Work order>
Reproduce the listing below from the line with "3D model Futuristic" to the line with "The Budding and", both lines included, character for character, minus any pictures.

Dataset content>
* * * * *

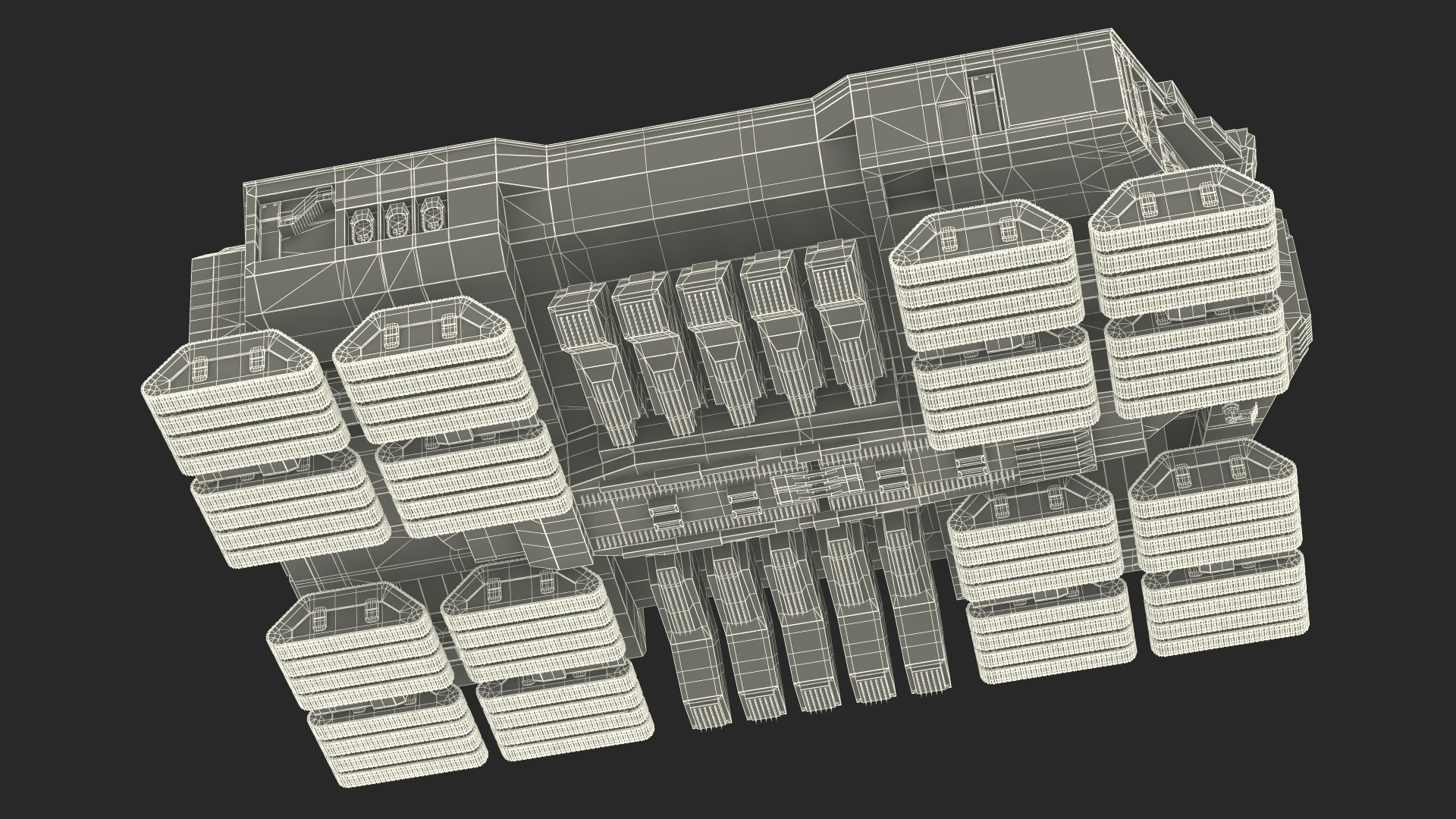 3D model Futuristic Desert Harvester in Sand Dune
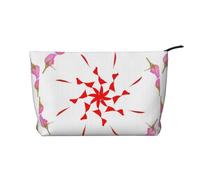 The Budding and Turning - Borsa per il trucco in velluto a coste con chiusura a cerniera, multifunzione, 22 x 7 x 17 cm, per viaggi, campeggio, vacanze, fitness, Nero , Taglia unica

* * * * *

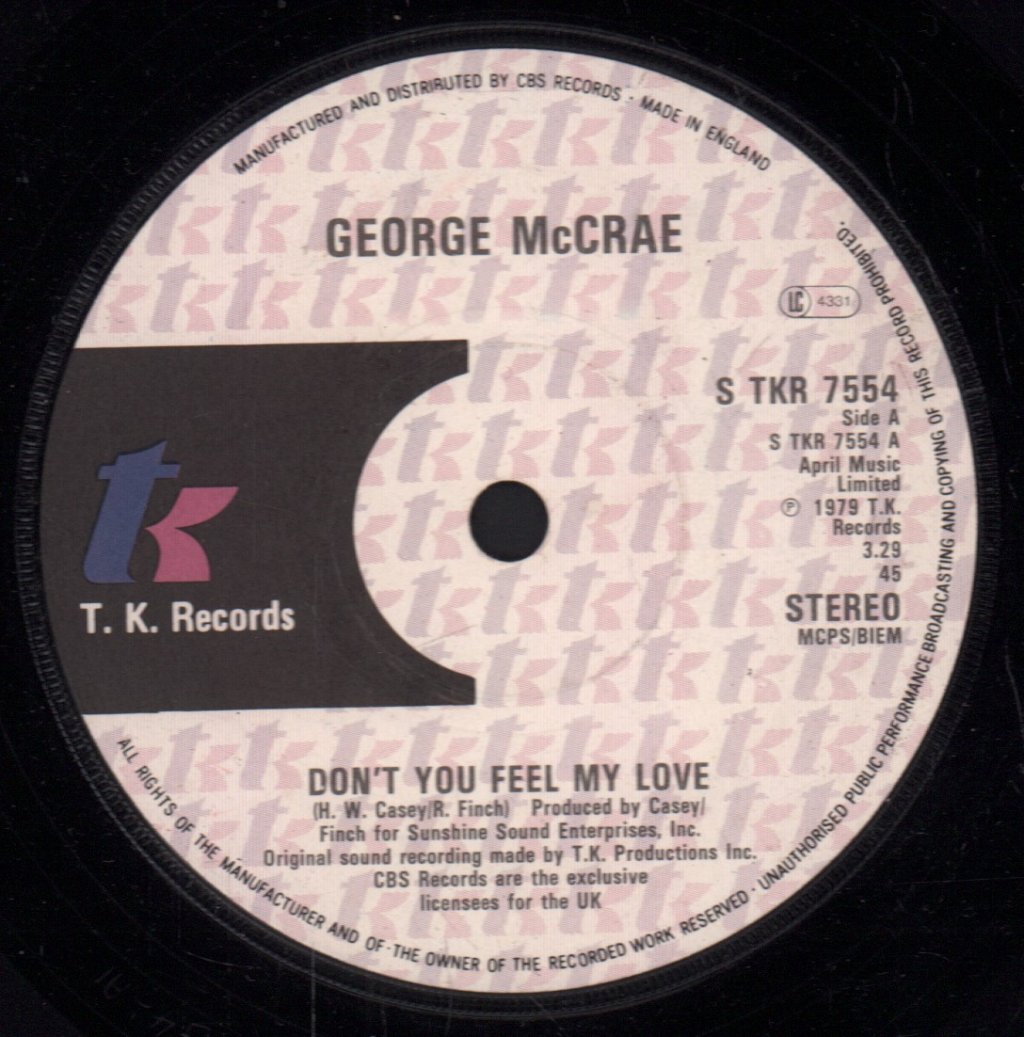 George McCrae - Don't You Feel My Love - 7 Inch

* * * * *

Response area>
 3D model Futuristic Desert Harvester in Sand Dune
 The Budding and Turning - Borsa per il trucco in velluto a coste con chiusura a cerniera, multifunzione, 22 x 7 x 17 cm, per viaggi, campeggio, vacanze, fitness, Nero , Taglia unica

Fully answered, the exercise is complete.